Data extracted from a collection:

============================================================

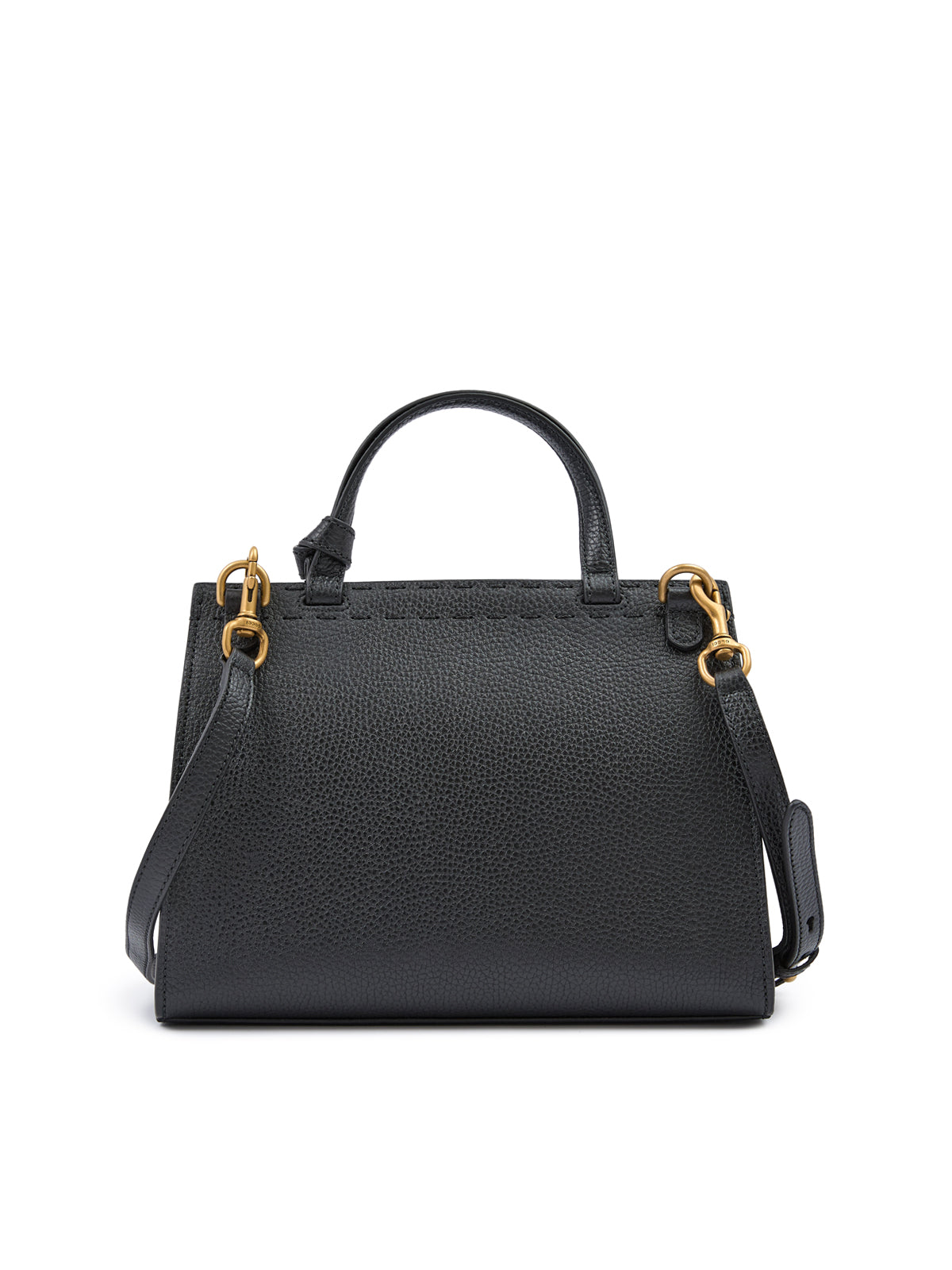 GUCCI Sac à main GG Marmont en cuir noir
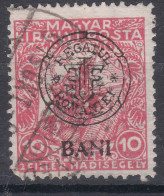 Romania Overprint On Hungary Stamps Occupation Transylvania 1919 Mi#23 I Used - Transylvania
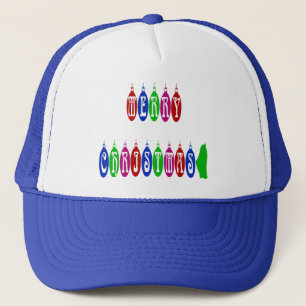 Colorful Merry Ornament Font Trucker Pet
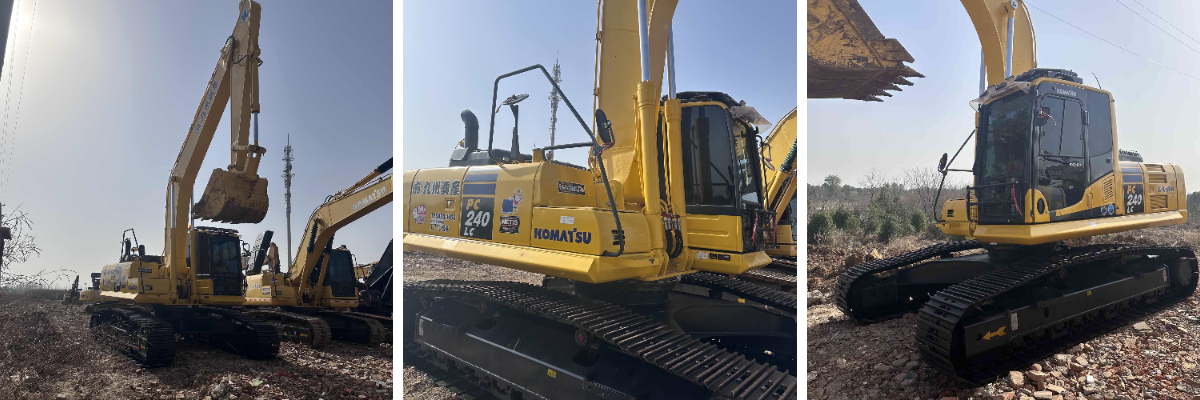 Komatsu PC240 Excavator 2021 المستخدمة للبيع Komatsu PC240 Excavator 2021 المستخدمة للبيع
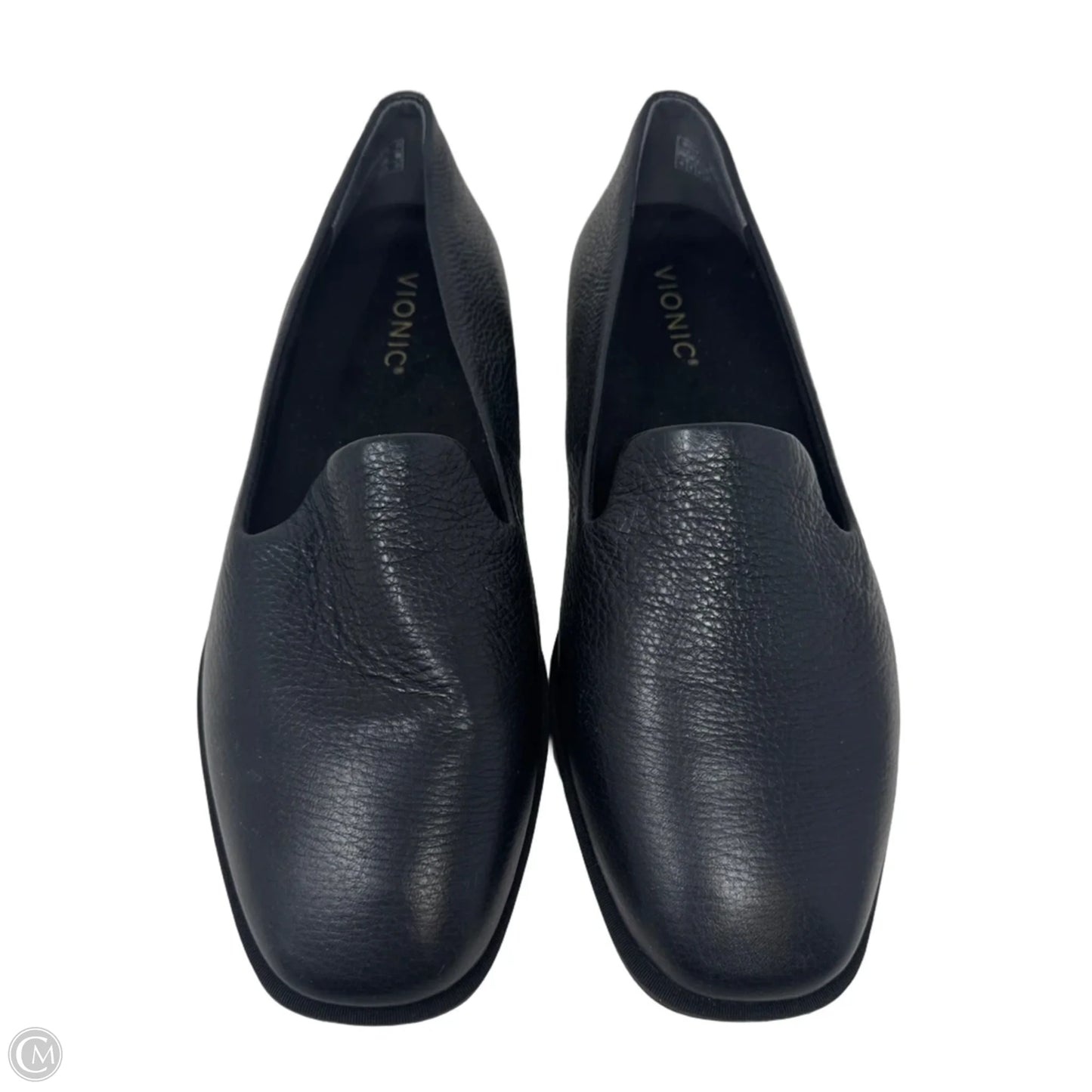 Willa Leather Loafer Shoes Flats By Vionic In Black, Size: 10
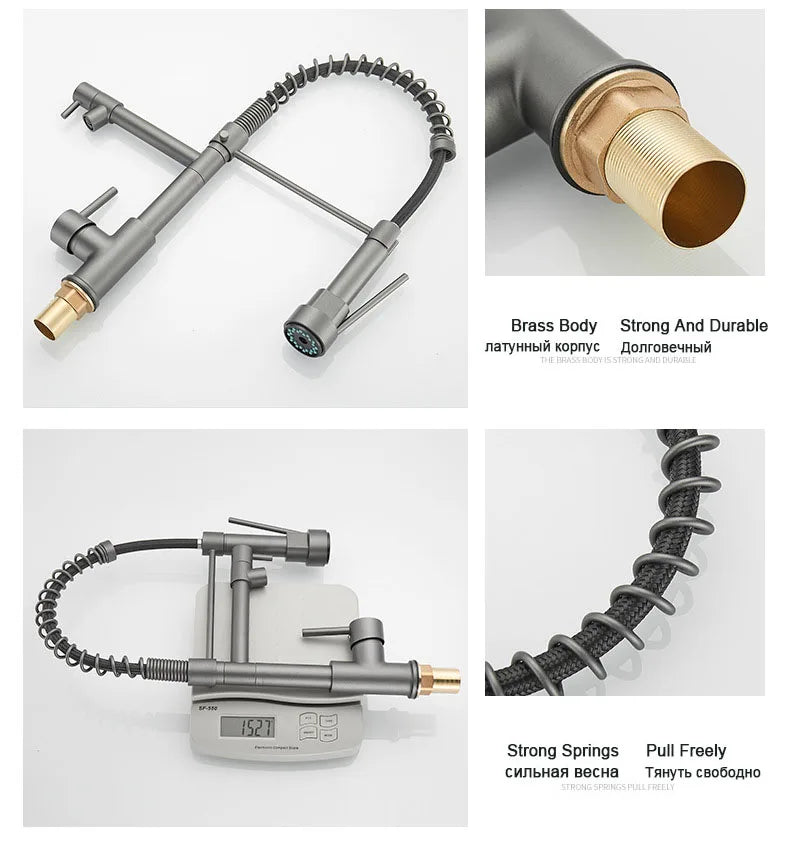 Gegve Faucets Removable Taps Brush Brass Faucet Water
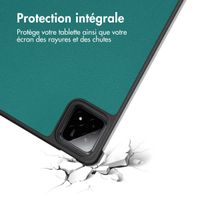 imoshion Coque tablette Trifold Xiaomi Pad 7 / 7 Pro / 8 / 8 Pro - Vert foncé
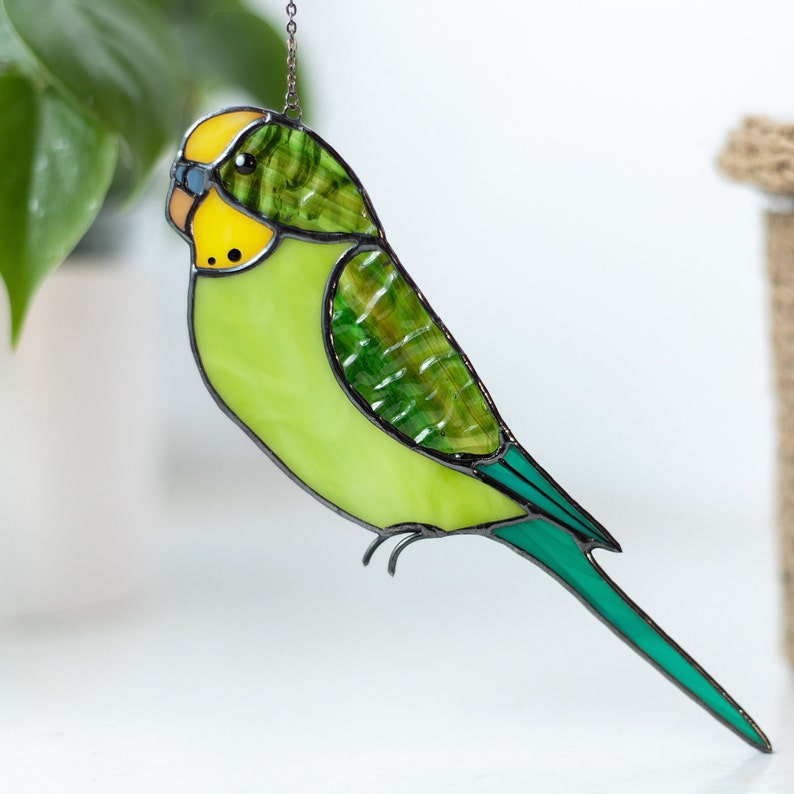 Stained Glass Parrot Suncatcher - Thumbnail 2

============================================================

TASK TO CARRY OUT
Reproduce only the lines running from the beginning of the entries above to the line holding "Willa Leather Loafer", inclusive. Pictures stay out of the copy.

FINISHED TASK
 GUCCI Sac à main GG Marmont en cuir noir
 Romania Overprint On Hungary Stamps Occupation Transylvania 1919 Mi#23 I Used - Transylvania
 Colorful Merry Ornament Font Trucker Pet
 Komatsu PC240 Excavator 2021 المستخدمة للبيع Komatsu PC240 Excavator 2021 المستخدمة للبيع
 Willa Leather Loafer Shoes Flats By Vionic In Black, Size: 10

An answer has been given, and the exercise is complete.